Los que trabajáis habitualmente en la Universidad, aquí en Navarra y en otros muchos lugares, sabéis bien qué frutos tan hondos y qué huella tan nítida produce una ética de servicio. Una ética que enseñe a los hombres a cumplir acabadamente su trabajo y a buscar honrada y continuadamente el bien de las personas y de las colectividades.

En una homilía que el Beato Josemaría pronunció en este campus, hace treinta años, se refirió a las palabras de San Pablo: ya comáis, ya bebáis, hacedlo todo para la gloria de Dios[5]. Y añadía: «Esta doctrina de la Sagrada Escritura (...) os ha de llevar a realizar vuestro trabajo con perfección, a amar a Dios y a los hombres al poner amor en las cosas pequeñas de vuestra jornada habitual, descubriendo ese algo divino que en los detalles se encierra»[6]. Y de ahí sacaba la clara conclusión de que hasta «lo más intrascendente de las acciones diarias» puede rebosar de «la trascendencia de Dios. Por eso os he repetido, con un repetido martilleo, que la vocación cristiana consiste en hacer endecasílabos de la prosa de cada día»[7]. Y así terminaba el Fundador del Opus Dei: «En la línea del horizonte, hijos míos, parecen unirse el cielo y la tierra. Pero no, donde de verdad se juntan es en vuestros corazones, cuando vivís santamente la vida ordinaria»[8].

Alentados por este espíritu, que proclama la grandeza de la vida cotidiana, los miembros del Claustro de la Universidad de Navarra tenéis que apostar, decididamente, por la fuerza transformadora del trabajo hecho con amor y con altitud de miras; por la capacidad de regeneración social que encierran los lazos familiares; por el aprecio a la libertad y a la responsabilidad personales; y por la eficacia social de un vivo sentido de la solidaridad humana, con especial atención a los más necesitados.

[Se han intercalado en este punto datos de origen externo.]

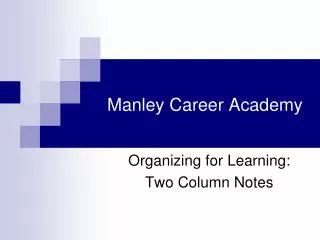 Manley Career Academy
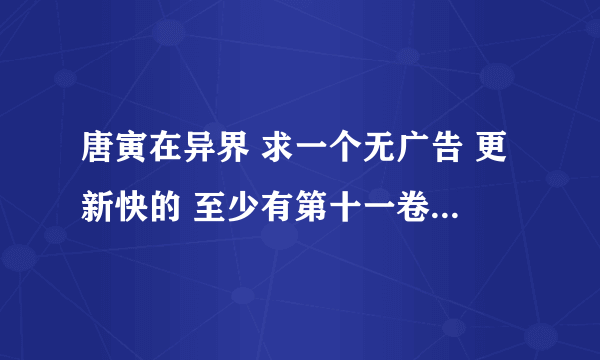 唐寅在异界 求一个无广告 更新快的 至少有第十一卷的网址 给50钢镚！！！！！！！！！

Como Gran Canciller, siento el deber de recordar estos ideales a todos los que participan en las tareas universitarias, cualesquiera que sean sus creen-cias, que respetamos, porque amamos y defendemos la libertad de las conciencias. Con el pensamiento en el Beato Josemaría, de cara al nuevo milenio, me complace subrayar que el mensaje cristiano sobre el valor santificable y santificador del trabajo humano y de la existencia cotidiana, es una de las respuestas adecuadas a los mejores anhelos de las personas y de las sociedades. Y en vosotros, apreciados nuevos Doctores, todo el Claustro de nuestra Universidad, al que ahora os incorporáis, encuentra ejemplos eminentes de laboriosidad, de rectitud y de servicio, que todos deseamos emular: por eso os invitamos a contaros entre nosotros.

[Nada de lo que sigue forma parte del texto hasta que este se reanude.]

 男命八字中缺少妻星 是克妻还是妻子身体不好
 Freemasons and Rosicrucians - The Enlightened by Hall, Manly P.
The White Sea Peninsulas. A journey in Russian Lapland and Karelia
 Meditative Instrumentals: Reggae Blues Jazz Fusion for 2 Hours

Termino. El Santo Padre Juan Pablo II ha querido dedicar este año de 1998 al Espíritu Santo, dando así un paso más en el itinerario de preparación para el jubileo del año 2000. Y ha señalado, como actitud fundamental que debe inspirarlo, la virtud de la esperanza, que —son sus palabras— «de una parte, mueve al cristiano a no perder de vista la meta final que da sentido y valor a su entera existencia y, de otra, le ofrece motivaciones sólidas y profundas para el esfuerzo cotidiano en la transformación de la realidad, para hacerla conforme al proyecto de Dios»[9].

En este año, pues, dedicado al Espíritu Santo, suplico —para todos los que trabajamos en esta Universidad— el don de sabiduría, que abre la inteligencia al sentido más profundo de la realidad, y otorga un alto juicio para discernir lo que conviene en cada situación, según los designios de Dios. Lo necesitamos para cumplir día tras día, con la máxima perfección posible, esta esforzada y gozosa tarea de servicio a la verdad que caracteriza al quehacer universitario. Pedimos este don al Divino Paráclito por intercesión de Santa María, Madre del Amor Hermoso, Sedes Sapientiæ, Asiento de la Sabiduría.

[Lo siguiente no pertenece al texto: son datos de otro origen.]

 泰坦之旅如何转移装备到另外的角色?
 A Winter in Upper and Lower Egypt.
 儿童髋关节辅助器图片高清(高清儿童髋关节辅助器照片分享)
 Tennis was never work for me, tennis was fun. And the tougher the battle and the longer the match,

[1] JUAN PABLO II, Discurso en ocasión del VI centenario de la Universidad Jaguelónica de Cracovia, 8-VI-1997, n. 4.

[2] Jn 8, 32.

[3] BEATO JOSEMARÍA ESCRIVÁ, Carta, 24-X-1965, n. 24.

[4] Cfr. Gn 1, passim.

[5] 1 Cor 10, 31.

[6] BEATO JOSEMARÍA ESCRIVÁ, Homilía “Amar al mundo apasionadamente”, 8-X-1967, en Conversaciones, n. 116.

[7] Ibid.

[8] Ibid.

[9] JUAN PABLO II, Litt. apost. Tertio millennio adveniente, 10-XI-1994, n. 46.

Romana, n. 26, Enero-Junio 1998, p. 84-89.